I. La protection de l’autorité de la chose jugée constitutionnelle
A. Le rappel de l’immunité juridictionnelle des décisions antérieures
Le Conseil constitutionnel souligne que l’autorité de ses décisions s’attache non seulement au dispositif mais aussi aux motifs essentiels du jugement. Il affirme que cette autorité « s’attache non seulement à leur dispositif mais aussi aux motifs qui en sont le soutien nécessaire ». La version de l’article 61-1 issue de la loi du 27 mai 2014 avait déjà fait l’objet d’une censure préalable. Les juges protègent ainsi la stabilité des décisions rendues précédemment dans le cadre du contrôle de constitutionnalité des lois françaises. Cette règle garantit la cohérence du droit positif en évitant des contestations perpétuelles sur des textes législatifs déjà définitivement écartés.
B. L’exclusion du changement de circonstances par une loi nouvelle
La requérante soutenait que la loi du 23 mars 2019 modifiait le contexte juridique de l’application de la norme de procédure. Le Conseil rejette cette argumentation en considérant que l’évolution législative ne constitue pas un changement de circonstances suffisant pour statuer. Il estime que la nouvelle rédaction d’un article ne modifie pas la situation juridique de sa version antérieure déjà jugée inconstitutionnelle. Cette position restrictive empêche le contournement de l’autorité de la chose jugée par le simple vote d’une loi de programmation nouvelle. Le juge refuse donc de réévaluer une disposition dont le sort constitutionnel a été fixé de manière irrévocable par le passé.
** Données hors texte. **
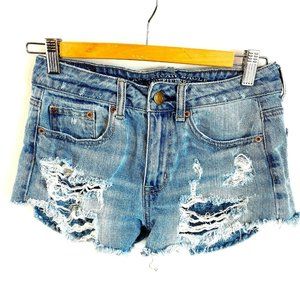 American Eagle AEO Vintage Hi-Rise Festival Jean Shorts Lace Pockets 0 Frayed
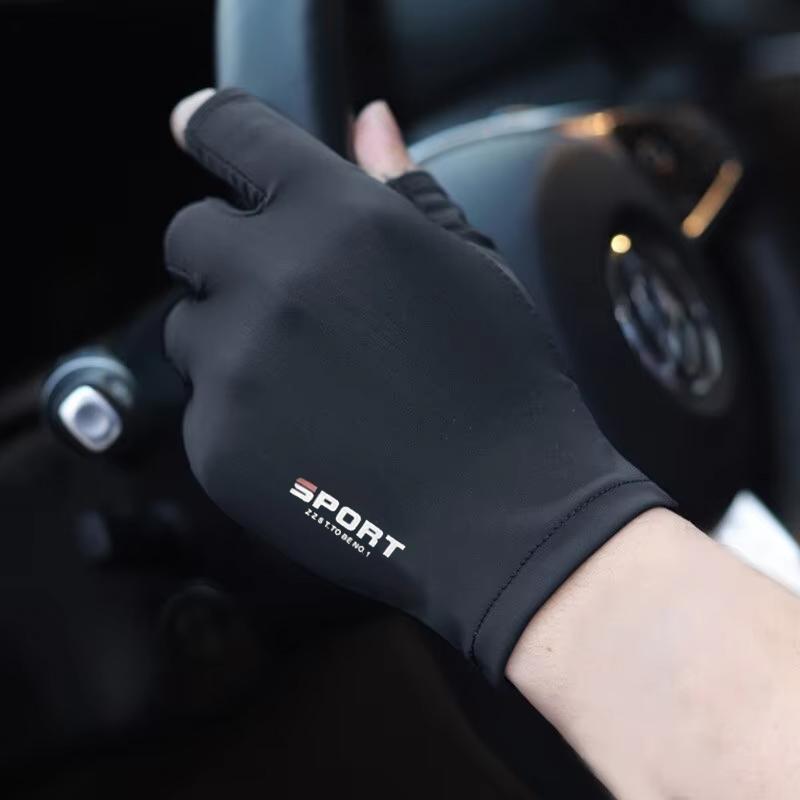 Ledově hedvábné cyklistické rukavice s polovičními prsty pro muže a ženy, pro outdoorové sporty, fitness, řízení, rybaření, vysoce elastické, pohodlné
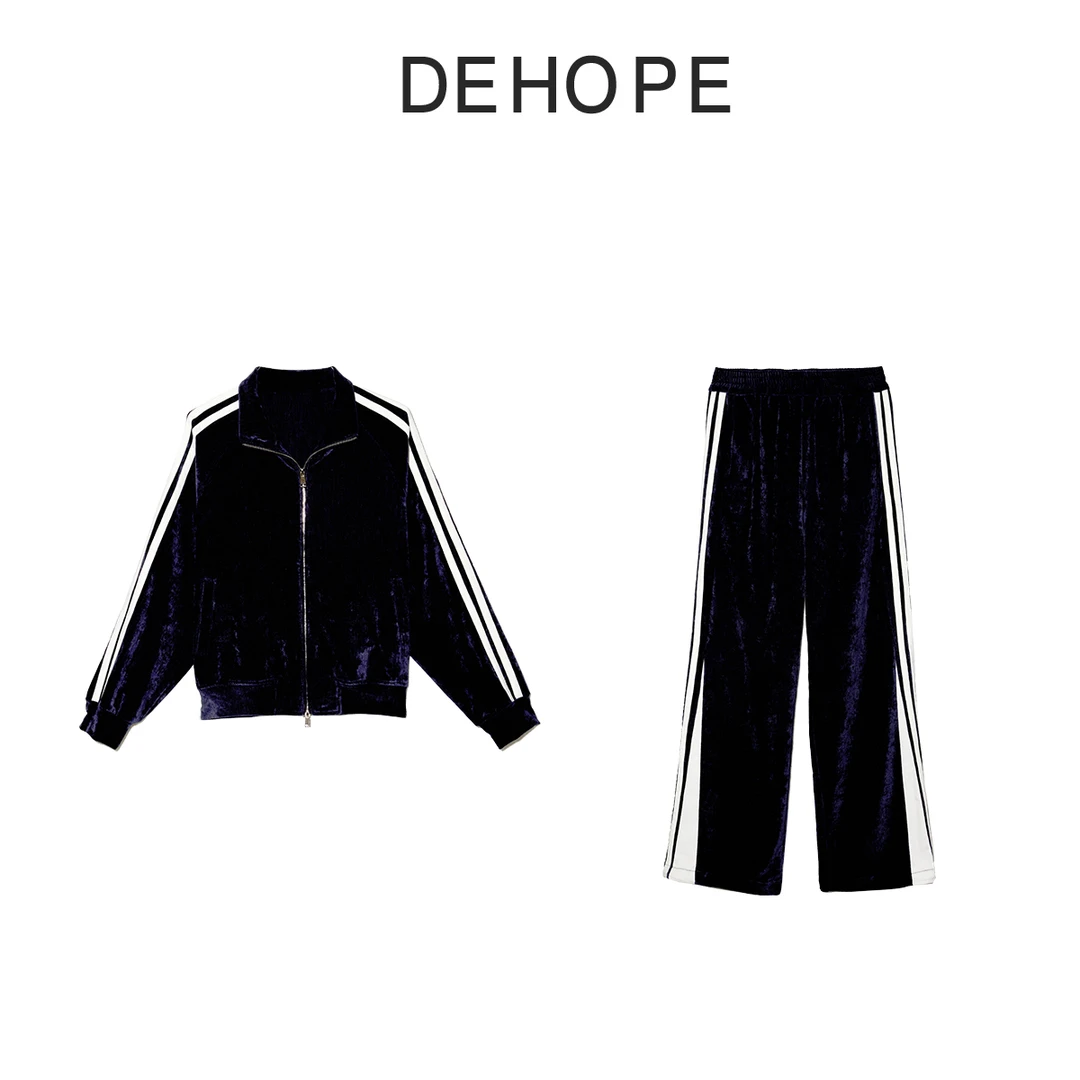 阪图2025新款春秋季丝绒休闲潮流套装669D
II. La pérennité de la censure constitutionnelle préalable
A. L’inutilité d’un nouveau contrôle sur une disposition déjà condamnée
La décision antérieure du 8 février 2019 avait déjà reporté l’abrogation de la disposition contestée au 1er janvier de l’année 2020. Le Conseil constitutionnel juge inutile de se prononcer une seconde fois sur la conformité d’un texte qui va nécessairement disparaître du code. Il souligne que le fait que le grief soulevé soit différent « n’y a pas lieu » de justifier un nouvel examen approfondi. La disparition programmée de la norme rend sans objet toute nouvelle critique portant sur sa validité au regard du bloc de constitutionnalité. Cette solution évite un encombrement du prétoire par des recours redondants et manifestement dépourvus de toute utilité juridique concrète pour l’avenir.
B. La préservation de l’office du juge constitutionnel par le non-lieu
Le prononcé d’un non-lieu à statuer met fin de manière définitive à la procédure engagée par la société requérante devant la juridiction. Cette mesure confirme que le juge constitutionnel ne peut pas ressusciter un débat déjà tranché par ses propres soins de manière souveraine. La décision assure le respect scrupuleux des prérogatives du Conseil face aux demandes répétées des justiciables invoquant des motifs de droit distincts. Le contrôle de constitutionnalité demeure ainsi un mécanisme ordonné qui refuse la multiplication des critiques contre un texte législatif déjà condamné. La décision sera publiée au Journal officiel pour informer l’ensemble des autorités administratives et juridictionnelles de cette position constante.